Madenci kızı olan Şemsiye, Kabil’in en yoksul semtlerinden birinde büyümüş.
2018’de okulu Irak-Şam İslam Devleti (IŞİD) saldırısına uğramış ve 46 öğrenci hayatını kaybetmiş. Başka bir bölgeye taşının okul 2020’de yeniden IŞİD saldırısına uğramış.
“Afganistan’da eğitim görmek çok zor. Pek çok korkularım var. Ama okulun aldığı önlemlerle kendimi biraz daha güvende hissettim. Zaten eğitim sırasında güvenliği düşünmeye vaktiniz olmuyor” diyor.
Şemsiye, Türkiye’de tıp fakültesinde eğitimine devam etmek üzere burs kazanmış.
Yeni tehlike: IŞİD
Şahla geçen Kasım ayında Kabil Üniversitesi’nde ders verdiği sırada silahlı kişiler kampüse girip ateş açmış. Öğrenciler büyük bir korku yaşarken, hükümete bağlı güvenlik güçleri kampüse geldiğinde iki taraf arasında çıkan çatışma saatlerce devam etmiş. Olayda 22 kişi ölmüş, 22 kişi de yaralanmıştı.
“Kurbanların çoğu kız öğrenciydi. Polisler bile dini nedenlerle kadınlara dokunmak istemediğinden yaralılara müdahale etmedi” diyor Şahla.

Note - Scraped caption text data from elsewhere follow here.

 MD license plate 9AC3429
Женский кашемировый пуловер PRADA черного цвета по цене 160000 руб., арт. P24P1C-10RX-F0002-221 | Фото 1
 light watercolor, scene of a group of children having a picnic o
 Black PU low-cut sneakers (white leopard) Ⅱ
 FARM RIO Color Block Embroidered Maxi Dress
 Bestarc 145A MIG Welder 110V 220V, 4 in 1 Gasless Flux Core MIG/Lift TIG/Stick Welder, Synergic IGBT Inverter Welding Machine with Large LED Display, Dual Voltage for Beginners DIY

Daha sonra saldırıyı IŞİD üstlenmiş.
Cihatçı örgütün bir kolu olan IŞİD-K 2014’te Afganistan’da kuruldu ve başkent Kabil’de birçok eğitim merkezine ve okula saldırılar düzenledi. Geçen yıl bir hastanenin doğum bölümüne düzenlediği saldırıda 16 kişi ölmüş, bir o kadar da yaralanmıştı.

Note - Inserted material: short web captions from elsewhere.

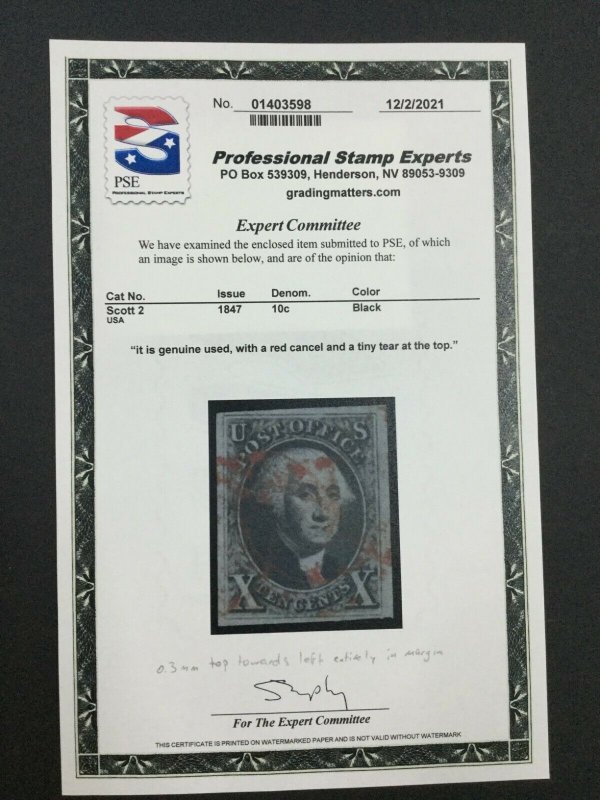 MOMEN: US STAMPS #2 USED PSE CERT LOT #75310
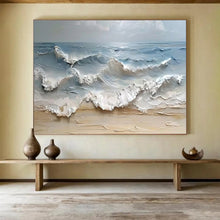 Load image into Gallery viewer, Impasto “Crashing Ocean Waves” Painting on Canvas, Dramatic Seaside Art DKH796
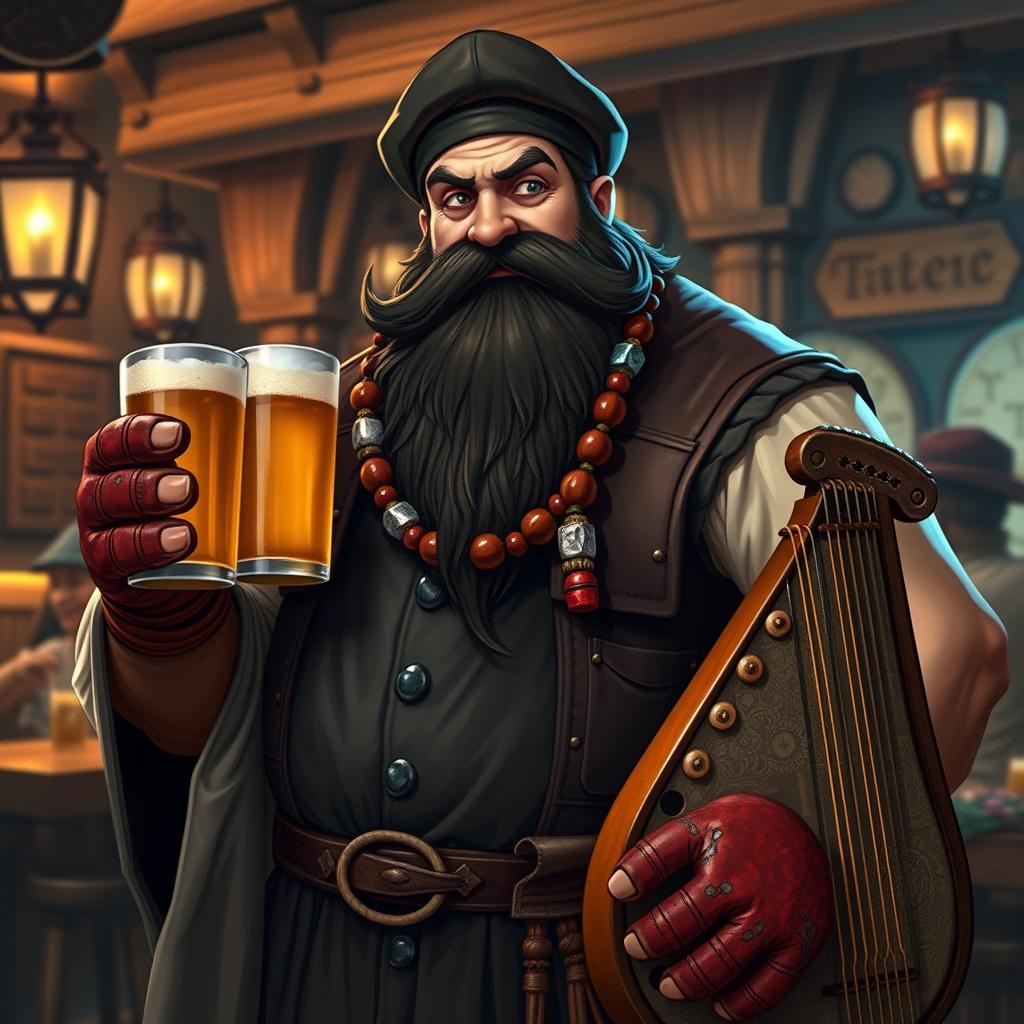 A muscular bouncer-monk character with a thick resinous black beard, wearing a cassock and a leather vest over a shirt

Şahla, IŞİD’in artan saldırıları ve Taliban’ın giderek daha fazla bölgeyi kontrolü altına alması nedeniyle yeniden kitap toplamaya başladığını anlatıyor.
“Çadır, defter, kalem almaya yetecek kadar para bulmam lazım. Biliyorum ki Taliban kızların okula gitmesine izin vermeyecek. Şimdi bile bir bölgeyi kontrol altına aldıklarında yaptıkları ilk iş, oradaki kız okullarını kapatmak oluyor.”